Citizens United: Killing Stare Decisis and Roe v. Wade

In law school, I learned that the party who succeeds in framing the question to be decided has a better chance of succeeding in court. Citizens United v. Federal Election Commission, decided last week, is the ultimate example. The Supreme Court did not have to review in this case, and certainly did not need to issue such a sweeping opinion.

The lawsuit sought injunctive and declaratory relief about whether the Citizens United, an anti-abortion rights group, could run its anti-Hillary Clinton video on pay-per-view during the 2008 election. This particular case is factually moot. The election is over. The only reason to keep going is to change the law - in short, to legislate by judicial decision.
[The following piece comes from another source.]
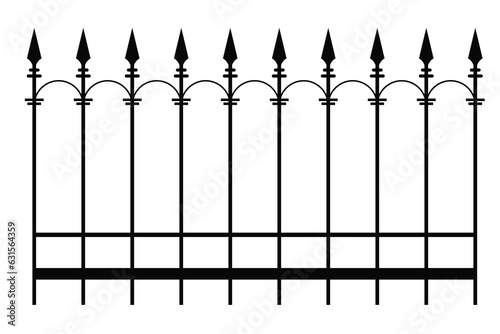 black white fences set with gates flat isolated illustration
Generally courts only decide matters that are actually in controversy. But sometimes, when a factual situation is so common but cannot be dealt with on an individual basis in a timely manner, the Supreme Court will review a case anyway because the problem is “capable of repetition, yet evading review.” It’s not surprising that the cases cited for this proposition often involve abortion rights. By the time any abortion case gets to the Supreme Court, the pregnancy at issue is over one way or another. This principle is what gave the 1973 Supreme Court the justification for reviewing Roe v. Wade, decried as judicial overreaching by abortion foes

In Citizens United, Supreme Court went much farther than in Roe in reviewing a case it needn’t address. Not only is the election over, but Citizens United had stipulated to the dismissal of its First Amendment challenge to 2 U.S.C. 441b. Yet the Supreme Court still chose to hear the case, long after the election was over. Why? To test a method for getting policy matters before the Court, which is tasked by the Constitution with deciding matters in controversy. By overreaching so far in Citizens United, the Supreme Court has made it easy to step back and address the issue of abortion rights without making historic inroads in legislating from the bench. They did that last week.
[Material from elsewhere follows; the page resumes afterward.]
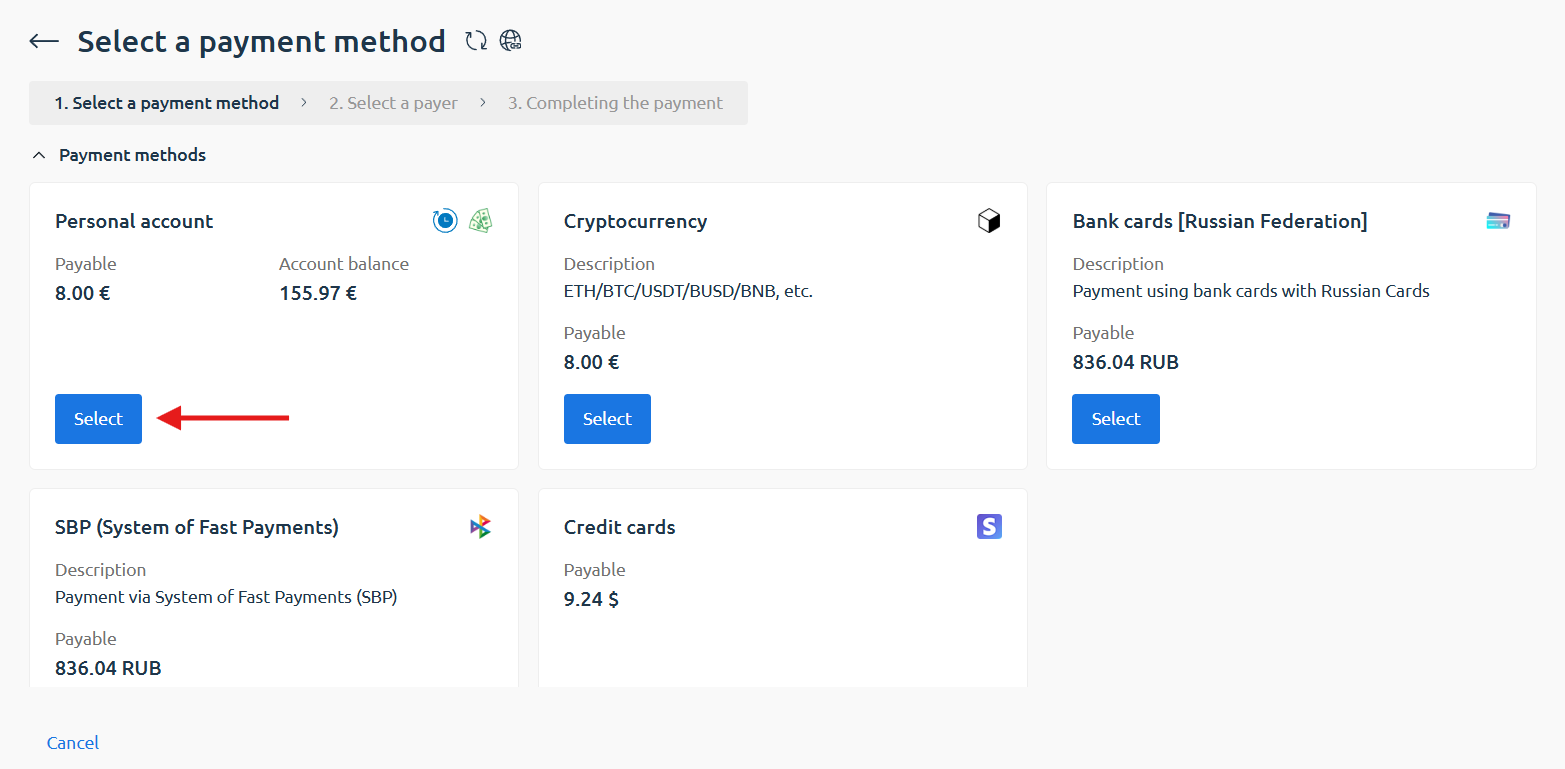 Select payment method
By the time the Supreme Court decided to review Citizens United, the only controversy left was at the Court, not between the parties. Unless the Supreme Court had an issue it wanted to take on, it did not need to decide this case. The Supreme Court issued its statement of probable jurisdiction on November 14, 2008, the week after Obama was elected, and long after Hillary Clinton had been eliminated from candidacy.

Which brings me to the parties.

The man behind Citizens United is David Bossie, a republican strategist an anti-choice juggernaut. Citizens United spent about $1.25 million in legal fees on the case -- so much, Bossie said, that it "makes you cry." Bossie was quoted in the Washington Post: "We have been trying to defend our First Amendment rights for many, many years. We brought the case hoping that this would happen.” Mr. Bossie is the same guy who brought you “Rediscovering God In America,” hosted by Newt Gingrich.

David M. Mason, a longstanding advocate of the specious “corporate political spending is speech so you can’t limit it” position, was The Vice-Chairman of the FEC in December 2007 when Citizens United was filed, and became Chairman in January 2008. He is also a staunch opponent of abortion rights and a Senior Fellow at the Heritage Foundation. He’s committed to telling women what to do with their bodies. So why did he choose to pursue this moot point? Because it set up the perfect softball for a Supreme Court assembled in part for this purpose.

Mr. Mason was one of “Seven FEC commissioners and one chairman” who filed an amicus brief on the case. Mason’s brief is written by James Bopp, attorney for a number of anti-abortion groups. Mason and Bopp acknowledge that a determination on the merits did not require Court to overturn decades of limitations on corporate political speech. Their the brief continues to instruct Court on how it choose to fix the policy problem by overruling case law. It’s not a coincidence that this brief makes sure it cites Roe v. Wade .

So now we have Supreme Court precedent for: (1) Choosing to take on policy matters under the thinnest of pretext, and (2) Choosing judicial activism over stare decisis. Stare decisis is the principle that once a court of competent jurisdiction passes judgment on an issue, it’s holding on the issue should not be overturned unless absolutely necessary. It is the principle that makes the common law system a reasonably predictable way of resolving disputes. With this Court, stare decisis will no longer caution U.S. judges against overruling case law. The scales of justice are skewed.

Supporters of a woman’s right to choose: be prepared. If the case the Supreme Court is looking for isn’t pending today, it will be soon. The issue is capable of repetition but evading review.